“I feared so much you were not coming, but you have come! Will you take me in?”

He offers her his arm and at this moment catches sight of De Belcour, who is looking at him with ill-concealed jealousy and vexation. He has met this man before, a year or two ago, and nods recognition, then, turning towards his companion, forgets his existence.

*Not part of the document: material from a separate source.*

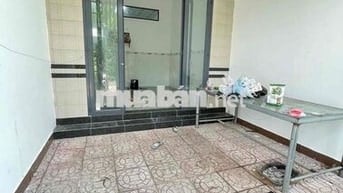 Nhà 2pn 2 máy lạnh KDC Hưng Phú 1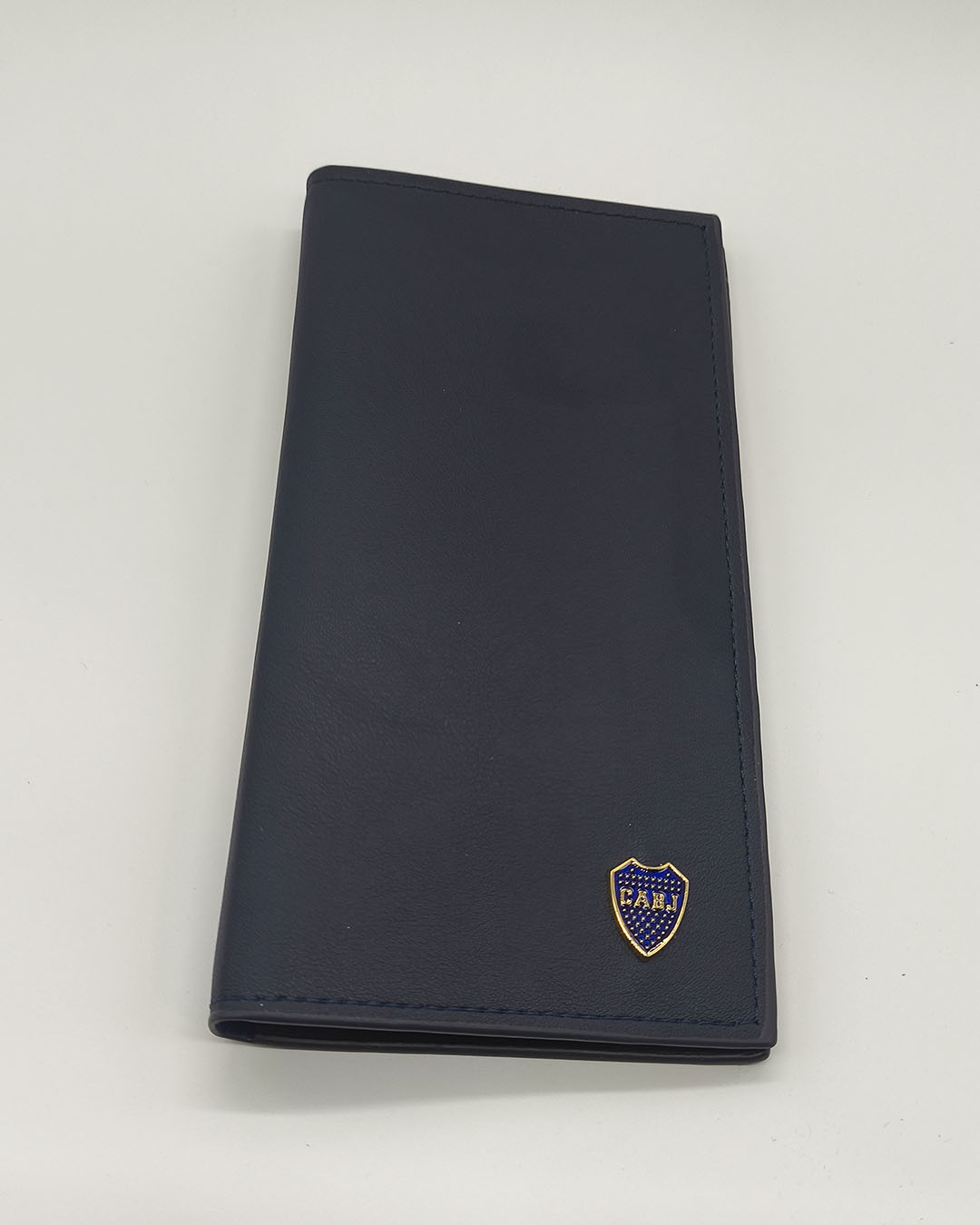 Billetera Boca Juniors - Image 2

The portière is drawn aside, and they enter the supper-room. On the table are antique silver tripods holding rare hothouse flowers and richest fruit, vases of exquisite camellias of every colour are interspersed between, and the whole are lit up by the soft light of waxen tapers. The supper itself is one of those which has made Monsieur Hector a king of chefs. Meats have lost their identity in the elaboration of the flavouring, cunning dishes are ingeniously devised to give zest to appetites already satiated. Rhenish of the rarest bouquet and Comet claret, tribute from the cellar of a youthful Duc, contribute to the hilarious enjoyment of the company.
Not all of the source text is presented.